Here's a followup to this article by the author:
"...TL;DR is that developers just didn't find it useful. Sometimes they knew the code was a hot spot, sometimes they didn't. But knowing that the code was a hot spot didn't provide them with any means of effecting change for the better. Imagine a compiler that just said "Hey, I think this code you just wrote is probably buggy" but then didn't tell you where, and even if you knew and fixed it, would still say it due to the fact it was maybe buggy recently. That's what TWR essentially does. That became understandably frustrating, and we have many other signals that developers can act on (e.g. FindBugs), and we risked drowning out those useful signals with this one.
Some teams did find it useful for getting individual team reports so they could focus on places for refactoring efforts, but from a global perspective, it just seemed to frustrate, so it was turned down.

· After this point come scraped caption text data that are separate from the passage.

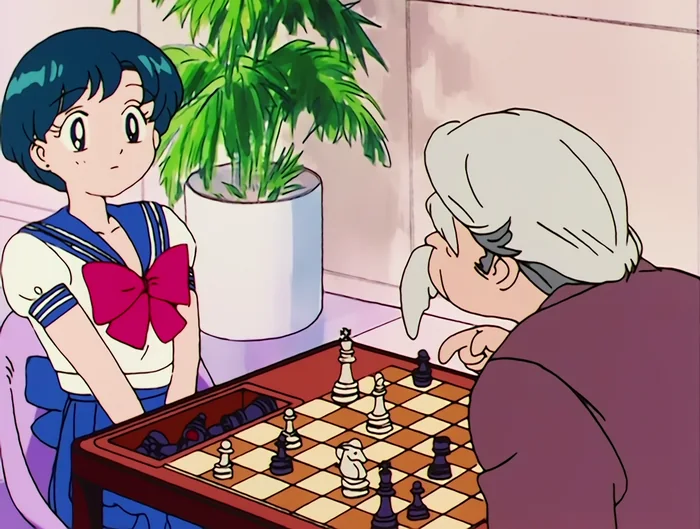 Ami playing chess across a table with an elderly opponent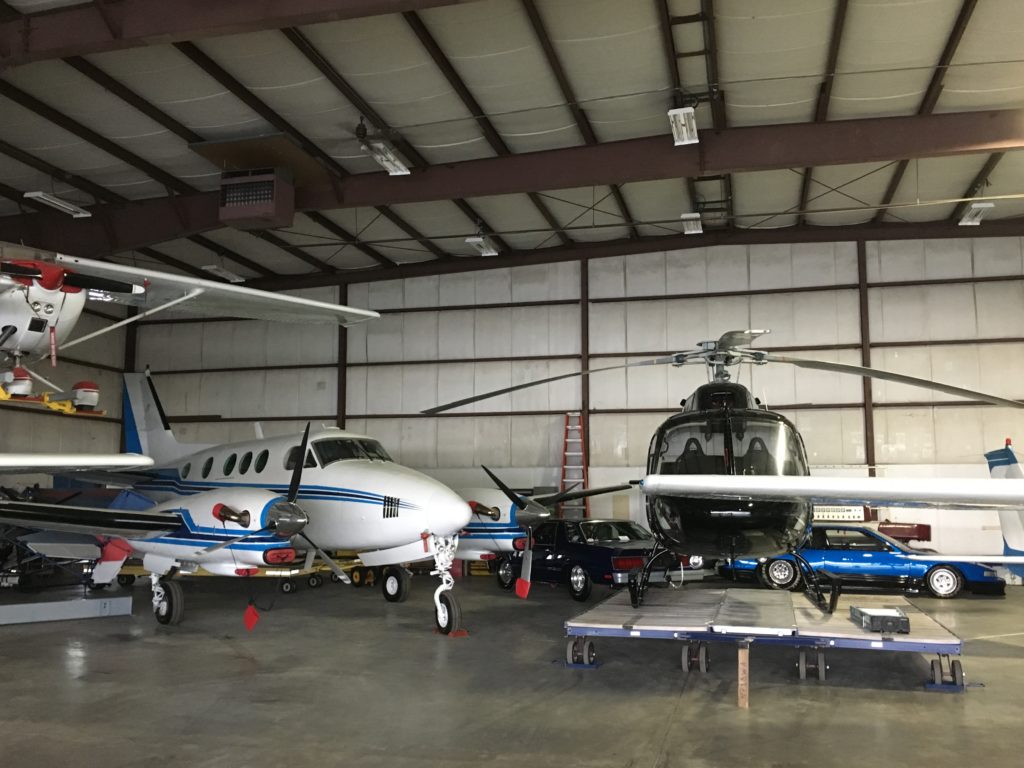 Planes and helicopter in the hangar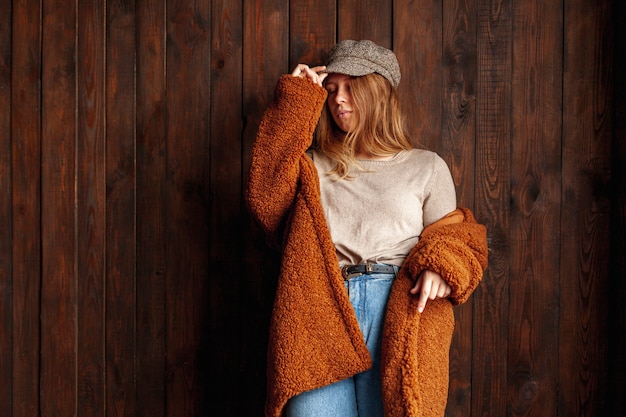 Free photo medium shot woman posing with wooden background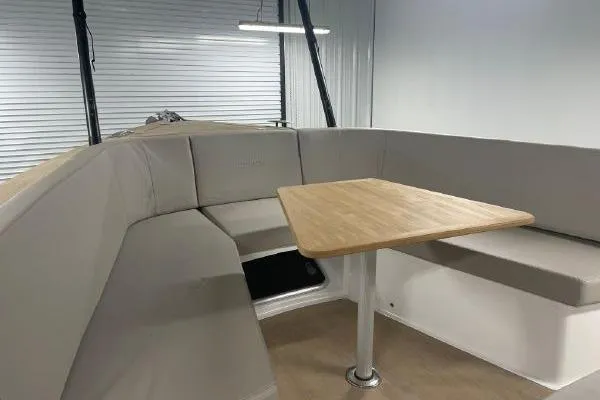 Slide: The Image of 2023 Fjord 38 Xpress interior with beige seating and wooden table in a modern design. - 20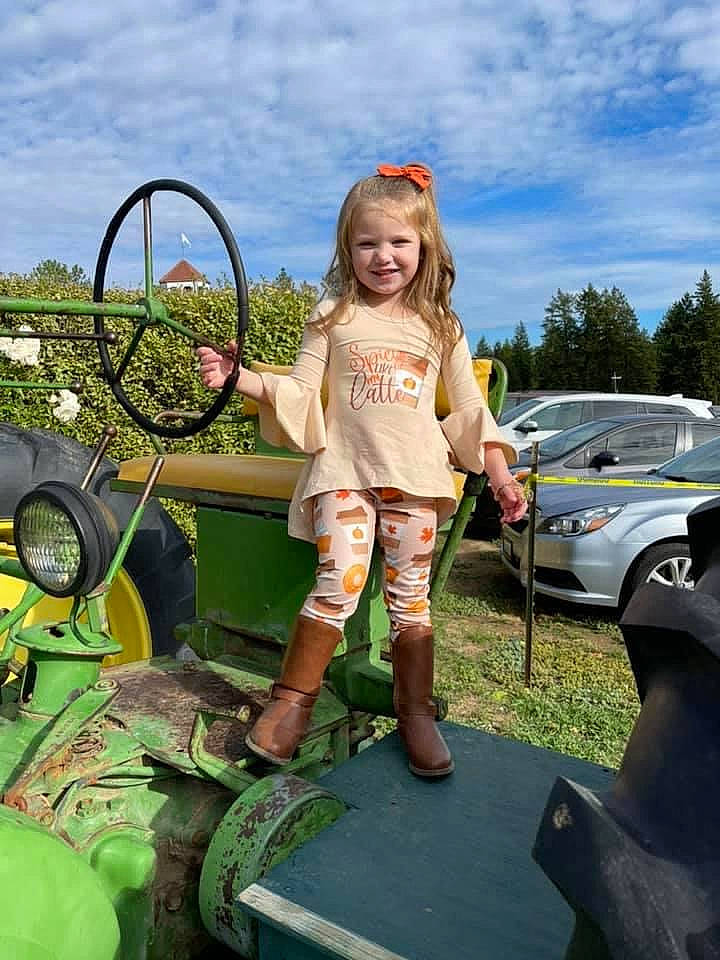 Miabella joined the competition — help win amazing prizes! automotive_design, automotive_exterior, automotive_tire, automotive_wheel_system, bumper, car, cloud, grass, joy, leisure, motor_vehicle, person, plant, shorts, sky, t_shirt, tire, toddler, tractor, vehicle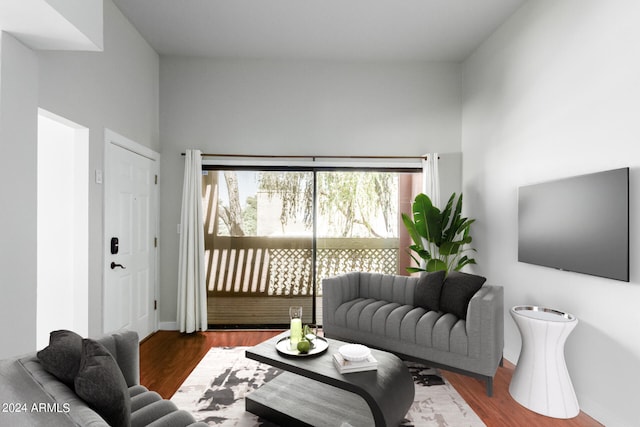 living room with dark hardwood / wood-style floors and a towering ceiling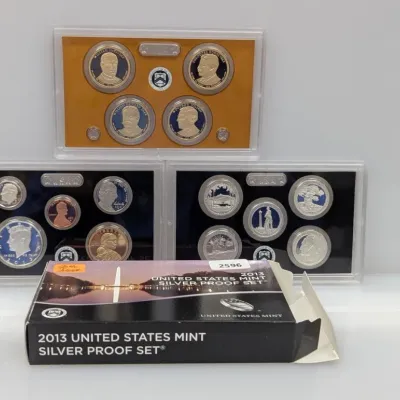 Sale Photo Thumbnail #921: 2013 United States Mint Silver Proof Set, including presidential dollars and national park quarters, complete with original box and protective plastic display cases.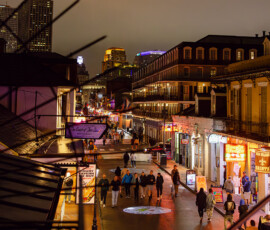 Lively city street at night with people, neon signs, lit buildings, wet pavement reflections, and a cloudy sky.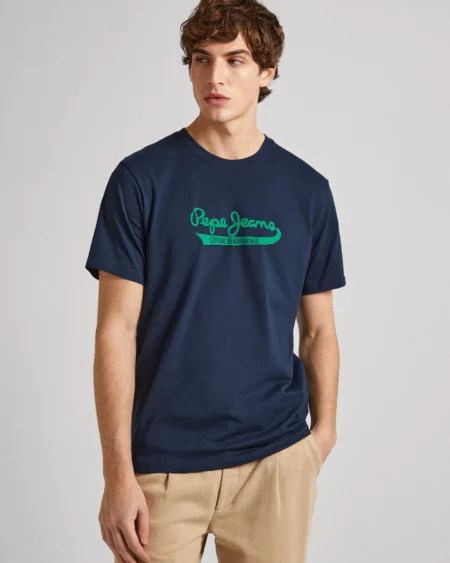 Men Cotton Regular Logo T-Shirt CLAUDE Navy. Ανδρικό μακό μπλουζάκι με κοντό μανίκι και στρόγγυλο λαιμό. Μαλακό και ελαφρύ βαμβακερό ύφασμα που αναπνέει. Casual outfit σε κάθε εποχή. Ιδανικός συνδυασμός denim & cotton chinos παντελόνια. PRODUCT DETAILS - Cotton jersey T-shirt – Regular Fit - Short sleeves - Crew neck - PEPE JEANS logo printed on chest- Ribbed detail on the neck - Double stitching on sleeves and hem - Inner neck band with printed logo - Made of 100% sustainable cotton. Sustainable cotton minimises the use of harmful chemicals, improves soil quality, and prevents contamination to help protect the health of growers and local wildlife.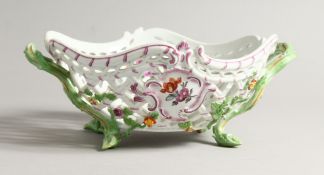 A GOOD MEISSEN PORCELAIN SHAPED AND PIERCED TWO HANDLED BASKET painted with flowers. Cross swords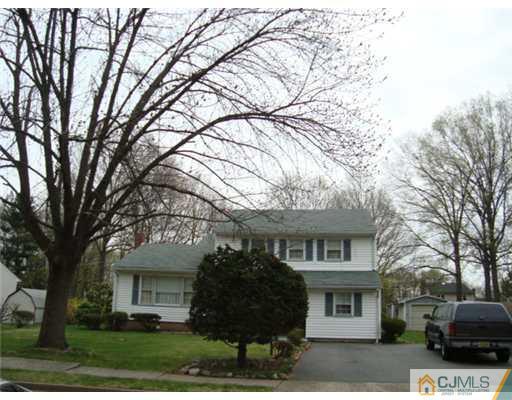 12 Hilltop Road Edison, NJ 08820 - Photo 2 of 23 a front view of a house with garden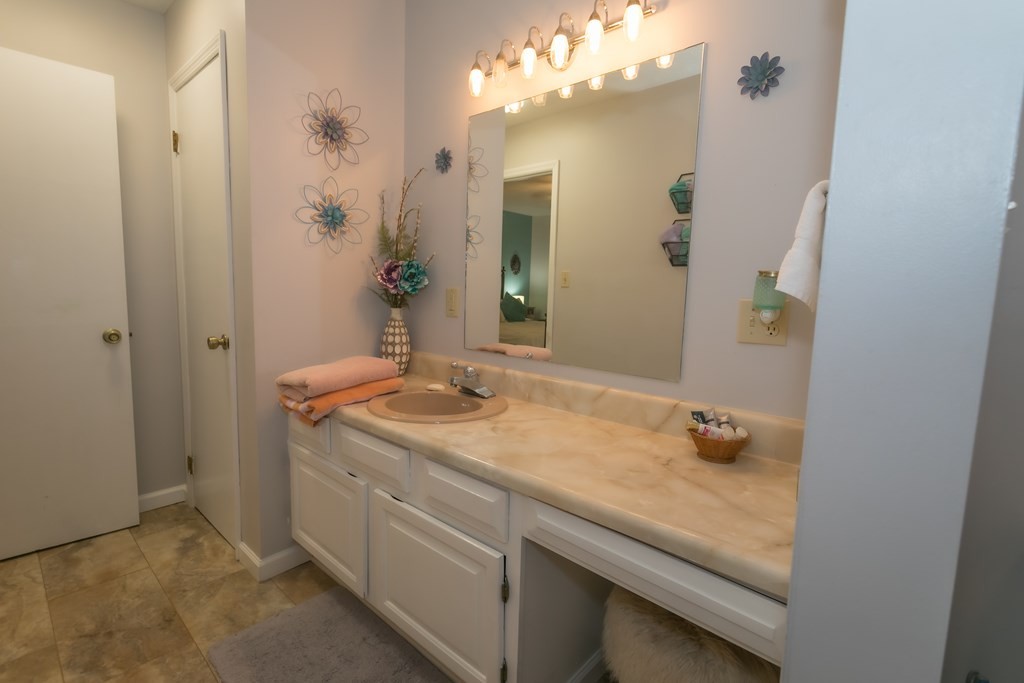 3108 Fortenberry Road Kodak, TN 37764 - Photo 19 of 47 a bathroom with a granite countertop sink and a mirror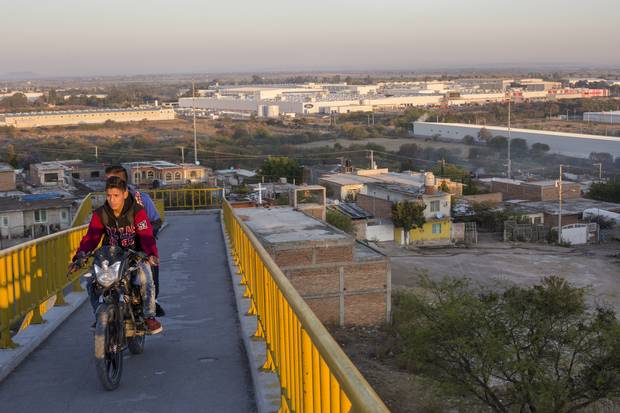 Men on a motorbike, with a Ford assembly plant behind, outside of Irapuato in May of 2017.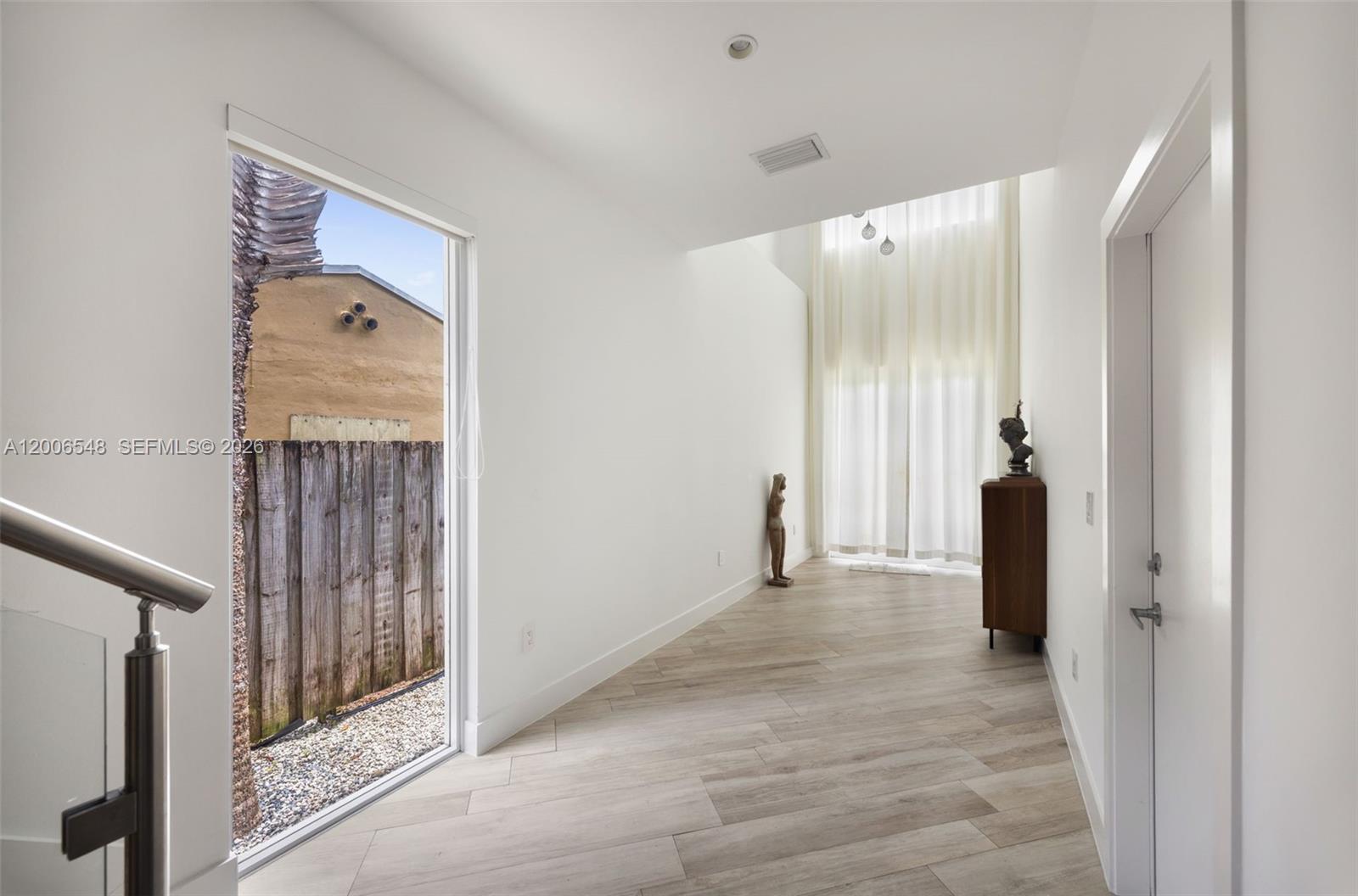 A bright hallway features light wood-look tile flooring, a tall window, and a glass railing — 2931 SW 27th Ter # 2931, Miami FL 33133, MIAMI, FL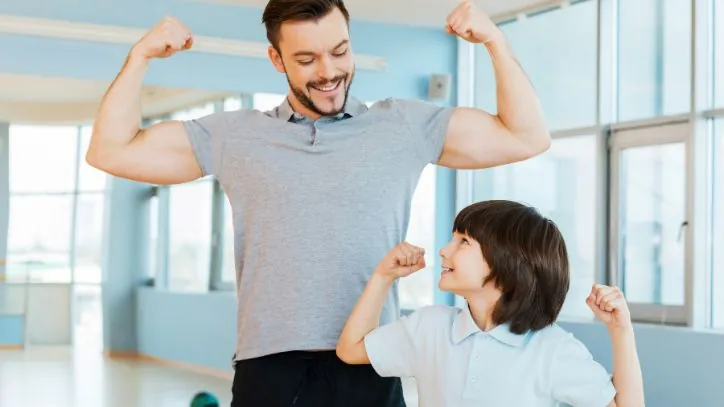 Father and son holding their arms up to show their muscles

From an academic perspective, I consider the paper one of my most impactful contributions, because it highlights to the bug prediction community some harsh realities that need to be overcome for bug prediction to be useful to humans. So I think the whole project was quite successful... Note that the Rahman algorithm that TWR was based on did pretty well in developer reviews at finding bad code, so it's possible it could be used for automated tools effectively, e.g. test case prioritization so you can find failures earlier in the test suite. I think automated uses are probably the most fruitful area for bug prediction efforts to focus on in the near-to-mid future."